We are seeking a highly skilled and motivated Penetration Tester to join our growing security team. The ideal candidate will be responsible for proactively identifying vulnerabilities and weaknesses in our digital assets, including networks, applications, and systems. This role requires a strong understanding of security principles, a passion for ethical hacking, and the ability to think like an adversary. The Penetration Tester will be a key player in strengthening our security posture and protecting our organization and our clients from cyber threats.

Key Responsibilities

• Conduct comprehensive penetration tests on a wide range of systems, including web applications, mobile applications, networks, and cloud environments.
• Perform vulnerability assessments and social engineering simulations to identify potential security gaps.
• Develop detailed reports documenting findings, including a clear explanation of vulnerabilities, their potential impact, and actionable recommendations for remediation.
• Collaborate with development and IT teams to provide guidance and support in fixing identified security issues.
• Stay up-to-date with the latest security trends, hacking techniques, and industry best practices.
• Research new tools, methodologies, and technologies to improve our penetration testing processes.
• Assist in the development of security policies, procedures, and training materials.
• Participate in security incident response as needed.

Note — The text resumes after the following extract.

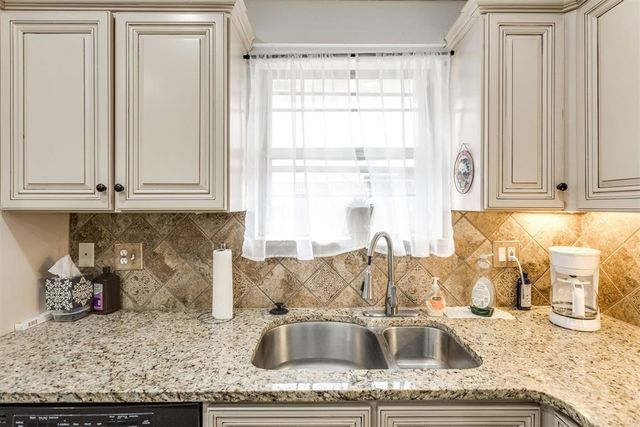 10209 Hollyhead Way, Yukon, OK 73099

Required Qualifications and Skills

• Experience:
  • Junior Level: 1-3 years of experience in IT roles such as a Security Analyst, Systems Administrator, or Network Engineer.
  • Mid-Level: 3-5 years of direct penetration testing experience.
  • Senior Level: 5+ years of extensive experience in penetration testing and a proven track record of leading complex security engagements.
• Deep knowledge of common web application vulnerabilities (e.g., OWASP Top 10).
• Strong understanding of network protocols, operating systems (Windows, Linux), and databases.
• Experience with penetration testing tools such as Burp Suite, Metasploit, Nmap, Wireshark, and Kali Linux.
• Proficiency in at least one scripting language (e.g., Python, Bash, PowerShell).
• Familiarity with various security frameworks and standards (e.g., NIST, ISO 27001).
• Excellent written and verbal communication skills, with the ability to explain complex technical concepts to both technical and non-technical audiences.
• Strong problem-solving skills and attention to detail.

Preferred Qualifications

• Relevant certifications such as Offensive Security Certified Professional (OSCP), Certified Ethical Hacker (CEH), or GIAC certifications.
• Experience with cloud platforms like AWS, Azure, or Google Cloud.
• Knowledge of secure coding practices and experience with code review.
• Experience with red team engagements and advanced persistent threat (APT) simulations.